Troubleshooting¶

`ValueError: Both corpora must be non-empty to compute keyness`¶

Keyness needs both Counters to have at least one token. Check that your tokenisation produced counts, and that the focus and reference corpora are not swapped with an empty placeholder.

My keyword list is empty¶

The most common cause is the minimum-frequency cutoff. On small corpora the defaults (min_focus_freq=5, min_reference_freq=5) can exclude everything. Lower them:

Keyness(focus, reference, min_focus_freq=1, min_reference_freq=1)

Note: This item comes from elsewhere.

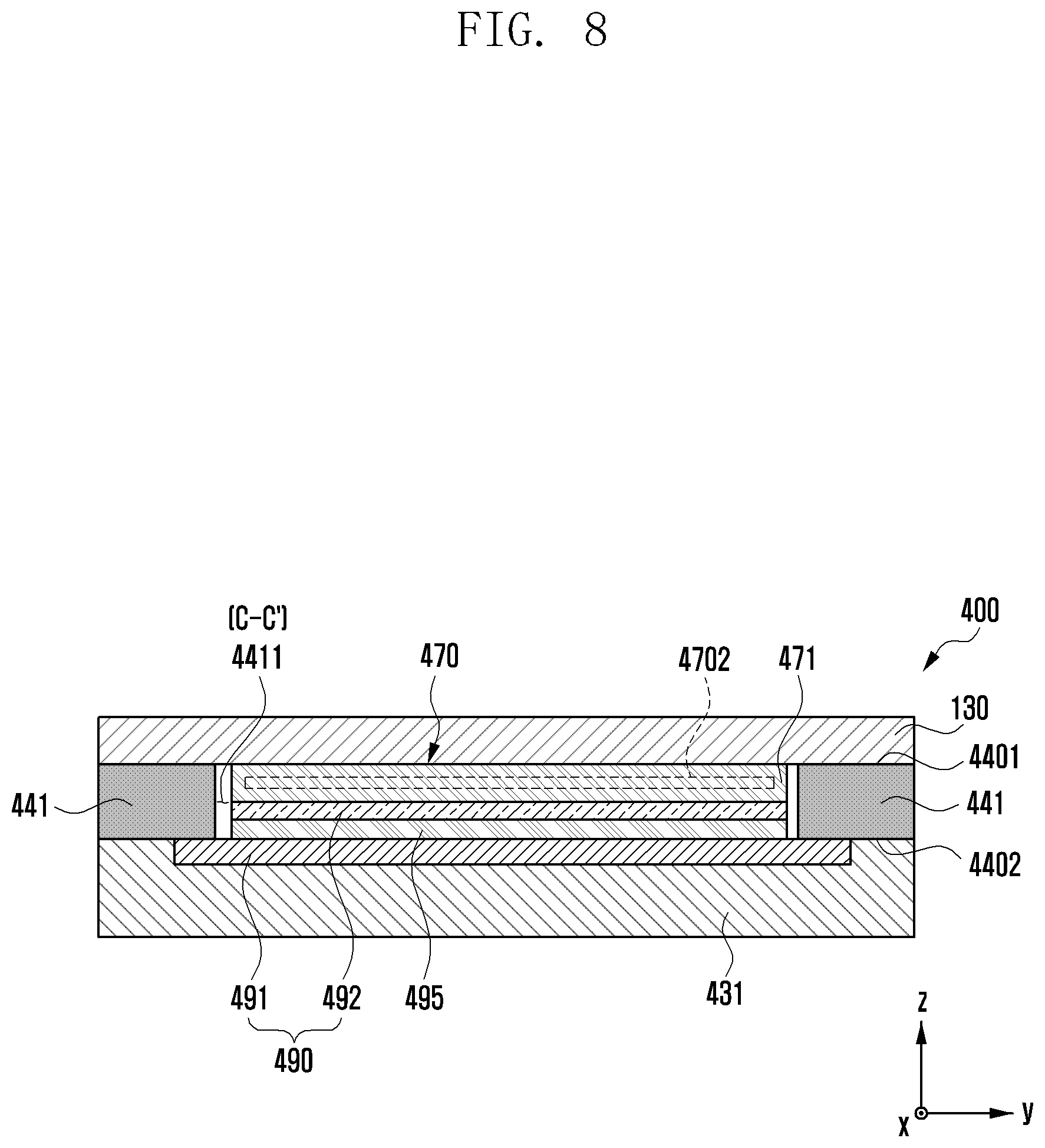 Patent US11815963 Figure 11 – Electronic device comprising wiring member fixing structure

A type enters the scored table only when it clears the minimum in at least one corpus, so raising the cutoffs is also how you exclude under-evidenced absent words.

Too many keywords¶

On large corpora the log-likelihood flags far too many types as significant — this is expected (Brezina 2018). Rank by effect size and take the top N:

k.keywords(top=50)        # significance-filtered, sorted by |log ratio|

My lockword list is empty¶

Lockwords must be frequent in both corpora (min_freq_both, default 5) and near parity (max_abs_log_ratio, default 0.5). On small corpora, lower min_freq_both:

k.lockwords(min_freq_both=2)

Simple Maths does not match a textbook value¶

keyflux computes Simple Maths from true relative frequencies per million words (formula 3.6 in Brezina). Some worked examples plug in absolute frequencies directly, which is only valid when both corpora are about a million tokens. For the war example, keyflux returns 1.94 (correct per-million) where a textbook may print 1.96 (absolute-frequency shortcut).

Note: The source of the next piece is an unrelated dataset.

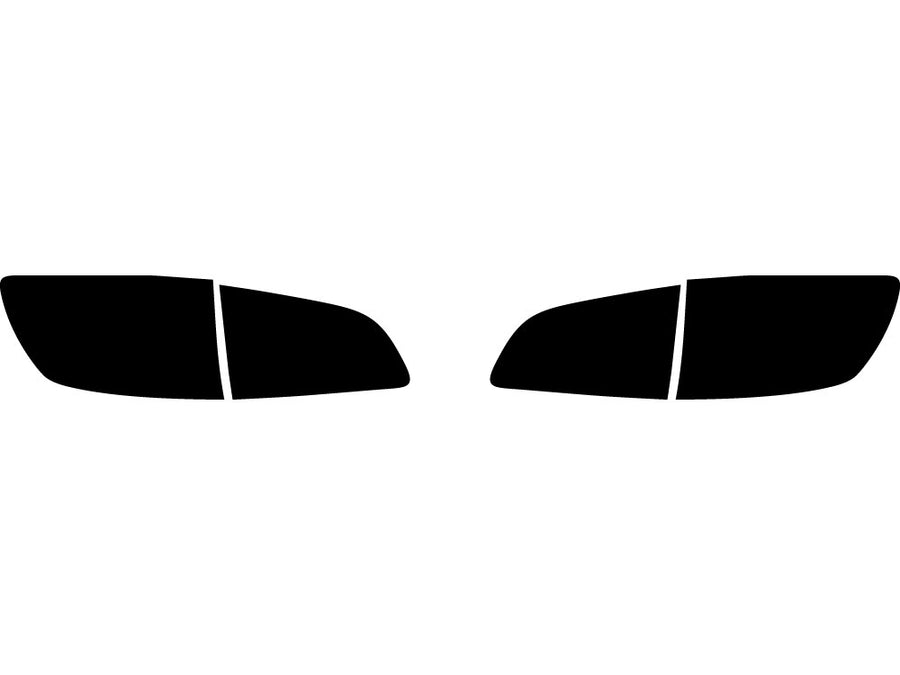 enclave Precut Tail Light Tint Diagram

`rtd` returns 0 for two different corpora¶

rtd(x, x) is 0 by definition. If two genuinely different lists return 0, check that you did not build both RankedLists from the same Counter.

The allotaxonograph window does not appear¶

allotaxonograph never calls show() — it returns a Figure. In a script, save it (fig.savefig(...)); in Jupyter, make it the last expression in a cell so the inline backend renders it.

Figures fail to render on a headless server¶

keyflux builds figures with matplotlib's Figure API and does not require an interactive backend, so it works headless out of the box. If you also import matplotlib.pyplot elsewhere, set a non-interactive backend first:

import matplotlib
matplotlib.use("Agg")

Real linguistic tokenisation¶

keyflux ships only a simple word-character tokeniser, deliberately — it is about keyness and rank comparison, not tokenisation. For lemmatisation, multi-word handling, or non-English text, pre-tokenise (for example with kenon.Tokenizer) and pass the resulting Counter to Keyness and RankedList.from_counts.